Director: Prasanna Vithanage
Country: Sri Lanka
Synopsis: When lonely, tortured pawnbroker Sarathsiri meets and marries the beautiful, enigmatic Selvi, he thinks he has finally found a way to put his past behind him. But a chance visit from an old friend opens up wounds that threaten to tear open the barely healing fabric of a mutilated nation coming to grips with the unspeakable cost of a thirty year civil war. Will love help them cross the bridge? Or will the past continue to colour the present? –Official site
Review: The ethnic divide that plunged Sri Lanka into a three decade long internal war has created indelible trauma in the two peoples’ psyche. A man from the majority Sinhala and a girl from the minority Tamil were used by the director to speak of this divide, this wound. In a sense, this is not a love story, but a hate story. A hate story of two peoples, divided in mind and body, in time and space, who struggle to be free of their past.
A beautifully nuanced plot is handled even more brilliantly by a seasoned director. The conflict between the past and present of the lead actors is an inspired metaphor for the Sinhala and Tamil peoples. The music is as haunting as Shyam Fernando’s (Sarathsiri) chocolaty voice. The lush greenish-blue village lends a post-war sleepy tone to the film. The camera seems to be in love with Selvi’s (newcomer Anjali Patil) beauty, as I was. We all talk about beauty, but to see it unfold is always magical.

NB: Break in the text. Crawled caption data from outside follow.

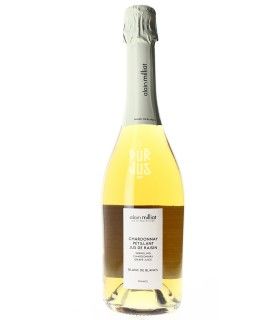 Jus de Raisin Pétillant Chardonnay - Alain Milliat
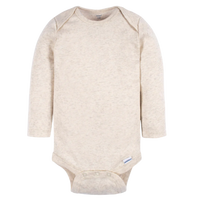 Christian Long Sleeve Onesie for Girls Boys - Christmas Gift - Faith Clothes for Christmas Baptism Gift
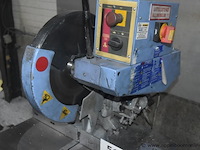 Aluminiumzaagmachine mep cobra 350, vv aanvoer en afvoer, werking niet gekend - afbeelding 3 van  4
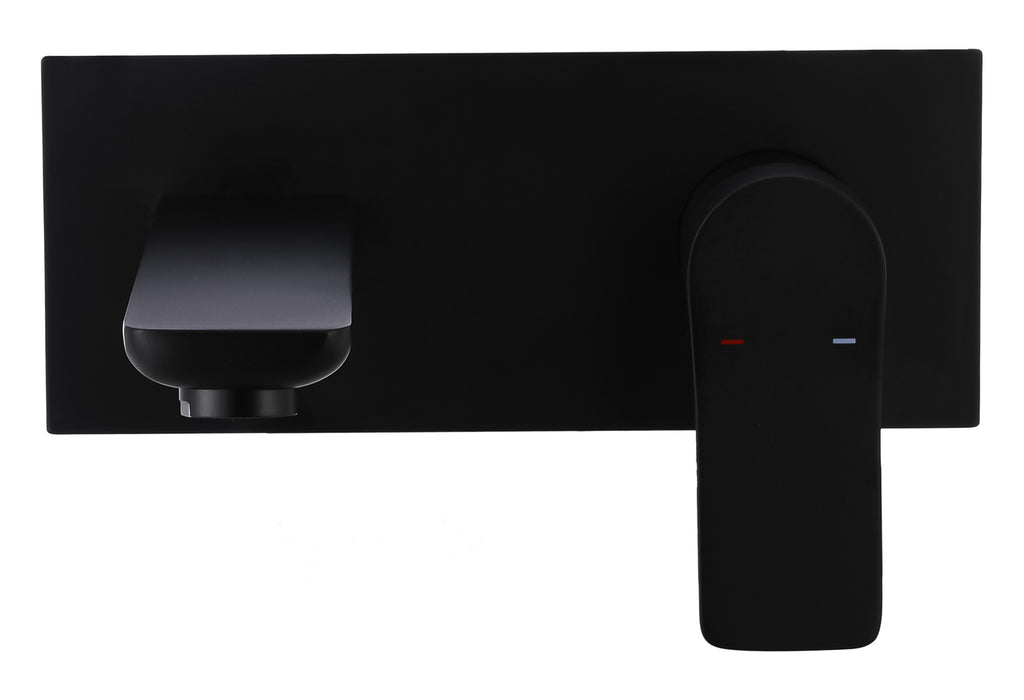 Basin Mixer Built in Wall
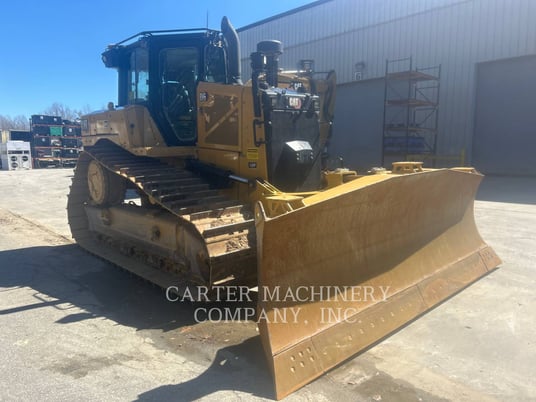 Caterpillar D6, 4695 hours, S/N: RDC01041, 2021 - Image 2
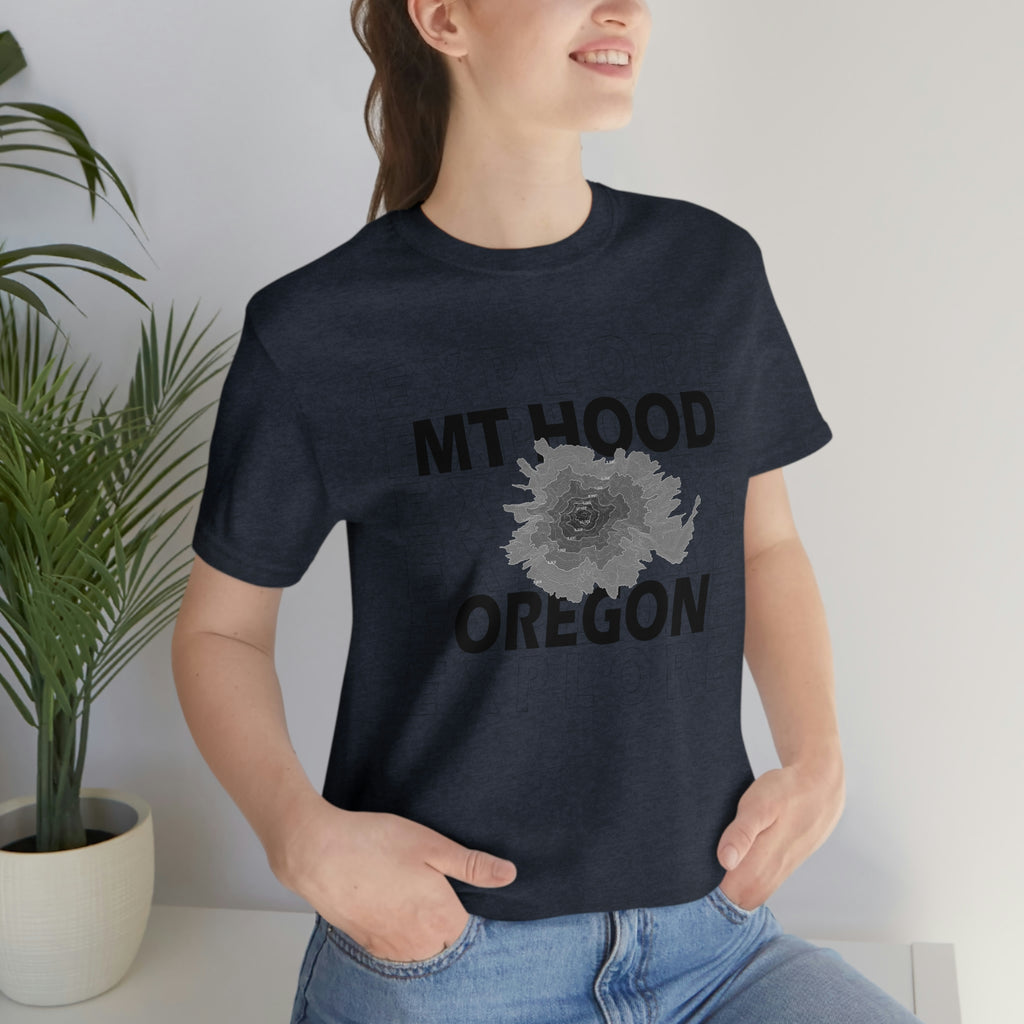 Unisex Jersey Short Sleeve Tee - Merch-Mkt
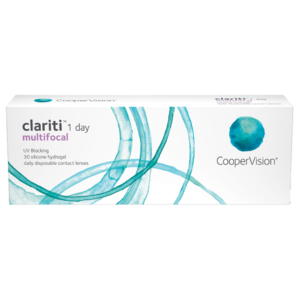 CLARITI 1 DAY MULTIFOCAL 30PACK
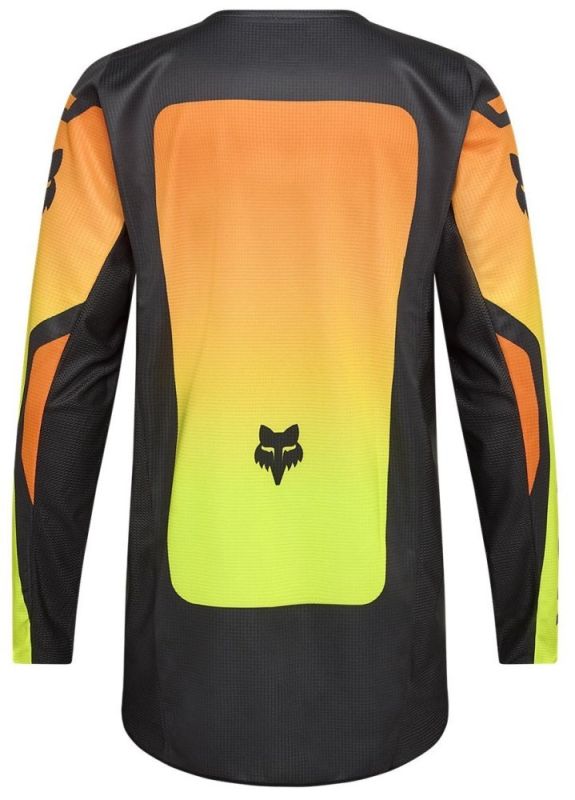 Дитяча Джерсі Fox 180 Youth Jersey - Shield Flo Yellow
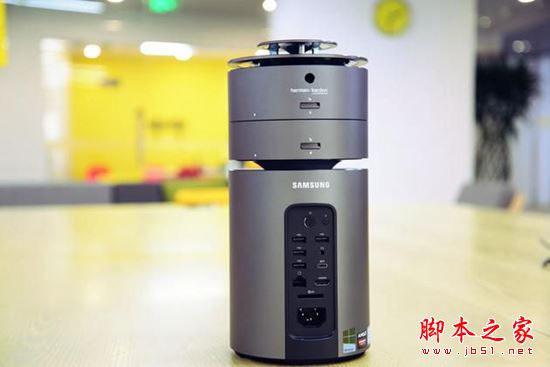 三星art pc电脑值得买吗？三星魔术方块电脑详细评测图解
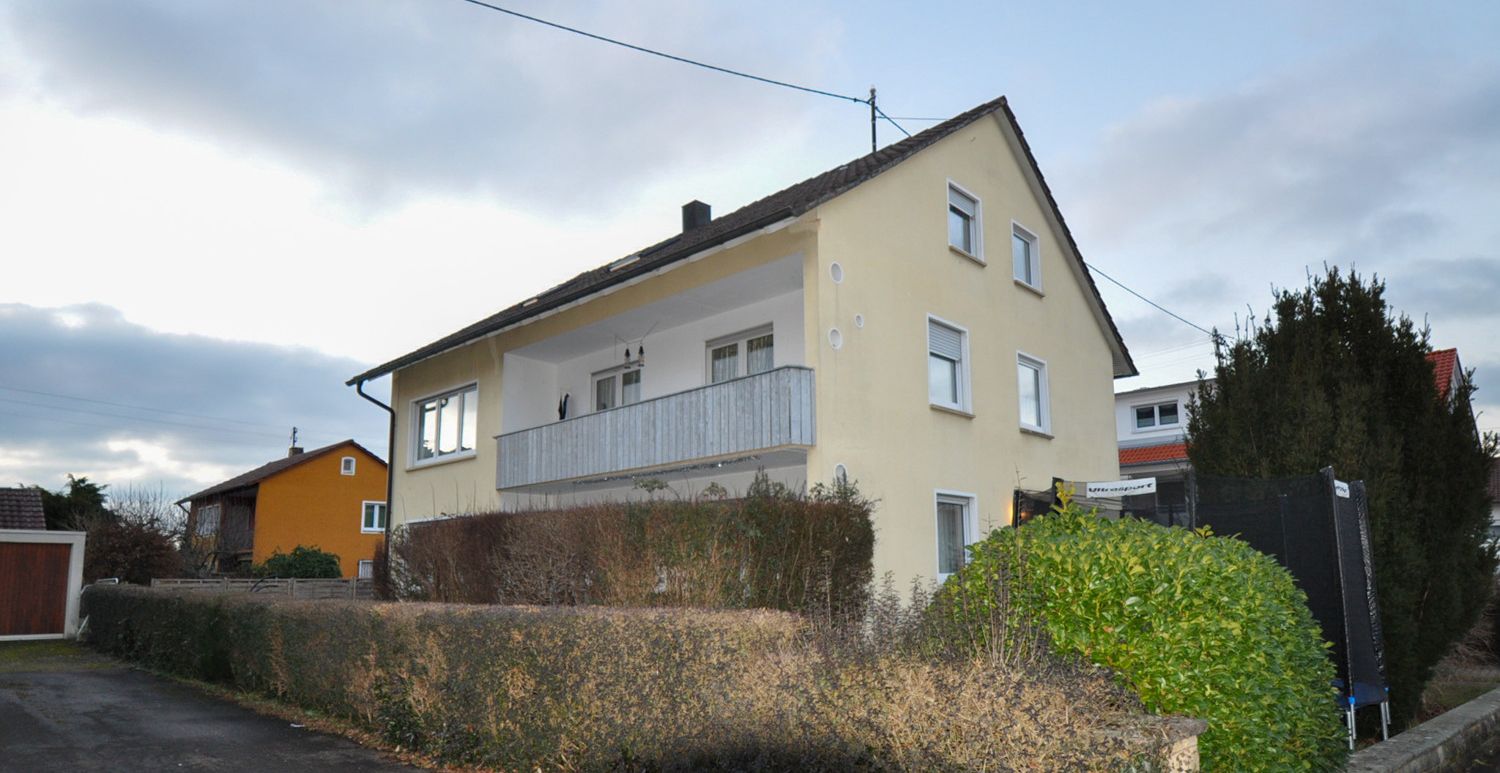 Hausansicht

There are many who argue that beauty is subjective. But to glimpse heaven in a pair of eyes surely qualifies you in anyone’s list?
When your ethnicity colours your values and actions, you are left with an urgent need to atone your errors. When you are victimised for being different, you seek revenge at any cost, even at the cost of happiness. You fall in love with the enemy. The lion sleeps with the lamb, but when they wake up, they are still predator and prey. Love, sometimes is just not enough.